* _Given data_:

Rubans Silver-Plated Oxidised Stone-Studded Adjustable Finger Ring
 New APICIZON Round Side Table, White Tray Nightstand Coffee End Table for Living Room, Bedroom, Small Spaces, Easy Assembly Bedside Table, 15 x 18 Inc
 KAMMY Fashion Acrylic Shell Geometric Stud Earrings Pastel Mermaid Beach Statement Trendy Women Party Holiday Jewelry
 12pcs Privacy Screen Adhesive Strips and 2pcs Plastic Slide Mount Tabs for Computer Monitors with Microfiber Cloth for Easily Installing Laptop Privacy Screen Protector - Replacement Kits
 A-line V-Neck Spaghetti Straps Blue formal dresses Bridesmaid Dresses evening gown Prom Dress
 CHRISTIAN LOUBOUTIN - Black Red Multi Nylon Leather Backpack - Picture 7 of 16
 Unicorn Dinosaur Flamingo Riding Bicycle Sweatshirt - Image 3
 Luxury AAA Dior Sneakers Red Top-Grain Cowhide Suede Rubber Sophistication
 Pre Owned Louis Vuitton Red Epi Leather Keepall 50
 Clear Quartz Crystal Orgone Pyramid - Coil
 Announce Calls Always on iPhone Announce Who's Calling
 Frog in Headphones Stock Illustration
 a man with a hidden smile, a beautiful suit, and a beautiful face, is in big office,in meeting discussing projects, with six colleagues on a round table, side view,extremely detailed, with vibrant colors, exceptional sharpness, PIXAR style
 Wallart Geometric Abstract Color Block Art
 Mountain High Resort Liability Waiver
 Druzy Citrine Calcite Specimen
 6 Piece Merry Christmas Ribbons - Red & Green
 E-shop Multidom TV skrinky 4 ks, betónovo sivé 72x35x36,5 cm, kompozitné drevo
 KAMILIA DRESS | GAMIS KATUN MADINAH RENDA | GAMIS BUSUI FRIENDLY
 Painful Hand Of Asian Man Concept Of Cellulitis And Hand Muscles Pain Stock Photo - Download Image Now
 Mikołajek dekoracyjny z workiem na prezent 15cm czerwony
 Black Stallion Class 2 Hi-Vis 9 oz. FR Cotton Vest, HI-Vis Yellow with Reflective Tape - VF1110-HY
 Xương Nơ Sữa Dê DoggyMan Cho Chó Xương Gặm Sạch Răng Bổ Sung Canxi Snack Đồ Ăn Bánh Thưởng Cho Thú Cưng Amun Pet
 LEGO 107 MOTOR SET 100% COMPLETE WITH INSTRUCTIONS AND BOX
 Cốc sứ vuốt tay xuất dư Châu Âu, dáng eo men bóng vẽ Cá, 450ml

* _What is expected_:
All lines from the one holding "KAMMY Fashion Acrylic" through the final line of the material must be set down exactly, and nothing else may be added.

* _Exercise output_:
 KAMMY Fashion Acrylic Shell Geometric Stud Earrings Pastel Mermaid Beach Statement Trendy Women Party Holiday Jewelry
 12pcs Privacy Screen Adhesive Strips and 2pcs Plastic Slide Mount Tabs for Computer Monitors with Microfiber Cloth for Easily Installing Laptop Privacy Screen Protector - Replacement Kits
 A-line V-Neck Spaghetti Straps Blue formal dresses Bridesmaid Dresses evening gown Prom Dress
 CHRISTIAN LOUBOUTIN - Black Red Multi Nylon Leather Backpack - Picture 7 of 16
 Unicorn Dinosaur Flamingo Riding Bicycle Sweatshirt - Image 3
 Luxury AAA Dior Sneakers Red Top-Grain Cowhide Suede Rubber Sophistication
 Pre Owned Louis Vuitton Red Epi Leather Keepall 50
 Clear Quartz Crystal Orgone Pyramid - Coil
 Announce Calls Always on iPhone Announce Who's Calling
 Frog in Headphones Stock Illustration
 a man with a hidden smile, a beautiful suit, and a beautiful face, is in big office,in meeting discussing projects, with six colleagues on a round table, side view,extremely detailed, with vibrant colors, exceptional sharpness, PIXAR style
 Wallart Geometric Abstract Color Block Art
 Mountain High Resort Liability Waiver
 Druzy Citrine Calcite Specimen
 6 Piece Merry Christmas Ribbons - Red & Green
 E-shop Multidom TV skrinky 4 ks, betónovo sivé 72x35x36,5 cm, kompozitné drevo
 KAMILIA DRESS | GAMIS KATUN MADINAH RENDA | GAMIS BUSUI FRIENDLY
 Painful Hand Of Asian Man Concept Of Cellulitis And Hand Muscles Pain Stock Photo - Download Image Now
 Mikołajek dekoracyjny z workiem na prezent 15cm czerwony
 Black Stallion Class 2 Hi-Vis 9 oz. FR Cotton Vest, HI-Vis Yellow with Reflective Tape - VF1110-HY
 Xương Nơ Sữa Dê DoggyMan Cho Chó Xương Gặm Sạch Răng Bổ Sung Canxi Snack Đồ Ăn Bánh Thưởng Cho Thú Cưng Amun Pet
 LEGO 107 MOTOR SET 100% COMPLETE WITH INSTRUCTIONS AND BOX
 Cốc sứ vuốt tay xuất dư Châu Âu, dáng eo men bóng vẽ Cá, 450ml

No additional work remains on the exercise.